Until then, just give me the first error. I won't look at the rest anyway, so no need for the compiler to be "clever" about it.

evincarofautumn · on May 15, 2018

It works best in an IDE, or in my case in Emacs where I can jump to each error in turn. On the command line or in an interactive mode (REPL, notebook, &c.) I usually just want one error at a time. I’ve had fairly good luck with this in C# in Visual Studio or Xamarin Studio with Roslyn, although I don’t actually use .NET much—even though I worked on Mono for a few years, hah.

It also really depends on the grammar of the language how well you can do recovery. Ideally a language should be designed from the beginning to support it. Simple example: if a language allows nested function definitions with the same notation as top-level definitions, then you can’t reliably insert a missing closing bracket for a definition, because you can’t assume that the next one is a new top-level; it could be nested. (Although of course you can use heuristics like indentation to get around this.)

Anyway, the point of successful recovery is that the diagnostics later in the file are not spurious.
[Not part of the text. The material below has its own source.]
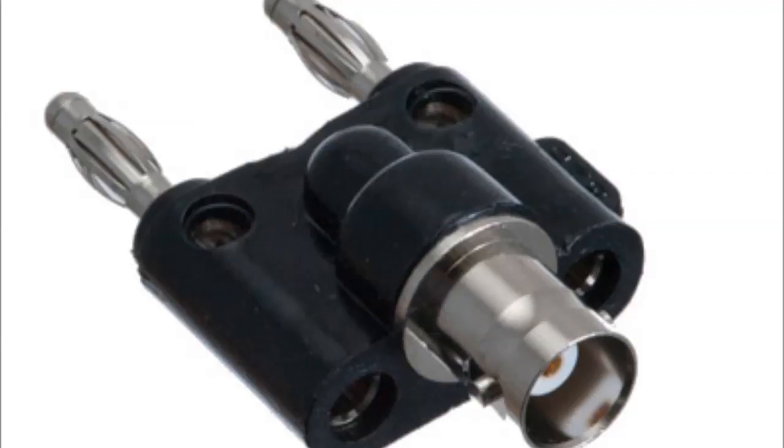This is the BNC to banana jack connector that I use on my Radionic instruments. They are quite expensive unless you buy them from Chinese suppliers — I spent about £6 to £8 on these. From China, you can get them for about £2 each, which is a lot better, though it just takes longer to get to you.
And if the compiler supports recoverable parsing, you can still have a mode where it just bails out after the first error if that’s what you prefer.

tom_mellior · on May 16, 2018

> Anyway, the point of successful recovery is that the diagnostics later in the file are not spurious.
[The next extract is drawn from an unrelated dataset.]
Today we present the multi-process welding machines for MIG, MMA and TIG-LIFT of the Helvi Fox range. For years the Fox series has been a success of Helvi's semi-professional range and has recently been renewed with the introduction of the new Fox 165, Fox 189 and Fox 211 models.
True if you only consider superficial syntax things. False in the real world, where compilers also check whether identifiers are declared, and with what type. If you have an error (syntax or semantic) and decide to press on, in general your symbol tables will be in a messed-up state, and you will generate spurious type or "undeclared identifier" errors. Also, in the real world, the compilers I have experience with do not only continue if they can be 100% sure that it makes sense, but they invariably continue further because they try to be "smart".

The IDE point is a semi-valid point since it doesn't scroll to the bottom-most, most useless errors like a terminal does. But I'm still not convinced that it adds value. That it enables situations where it's better to fix the second error before the first.

evincarofautumn · on May 17, 2018

Yeah, it’s definitely a bad idea to press on beyond the point where you can reasonably recover, and actually better to err on the side of fewer diagnostics and less information per message if it means the messages aren’t misleading.

For example, if a compiler says “Expected semicolon before open bracket”…you should be able to insert a semicolon there! In my experience, that’s what a beginner programmer or someone unfamiliar with the language is going to try. If that’s not possible, the compiler is probably leaking implementation details of the parser, and should say something else. The most important thing is that the source location points to the actual code where something is wrong so the programmer can examine it. The message is secondary—make it actionable if possible, otherwise just avoid making it actively harmful.

But it also really depends on the language how well you can do recovery. Most languages in wide use are not designed to handle this, in both syntax & semantics.

Again, even if you don’t want to go for full error-recovery, it’s still a good thing to support in a compiler pipeline, because it makes it easier to produce good error messages if the compiler accepts a superset of the actual language—recognising common mistakes in order to offer fixes, for example.

ufo · on May 15, 2018

This works better in an IDE than if you interact with the compiler directly. If you look at the compiler output directly the false positive drown out the actual errors so it is hard to find out what you need to fix. But in an IDE the false positives just become red squiggly lines further down the file, and don't obfuscate the important red squigglys at the top.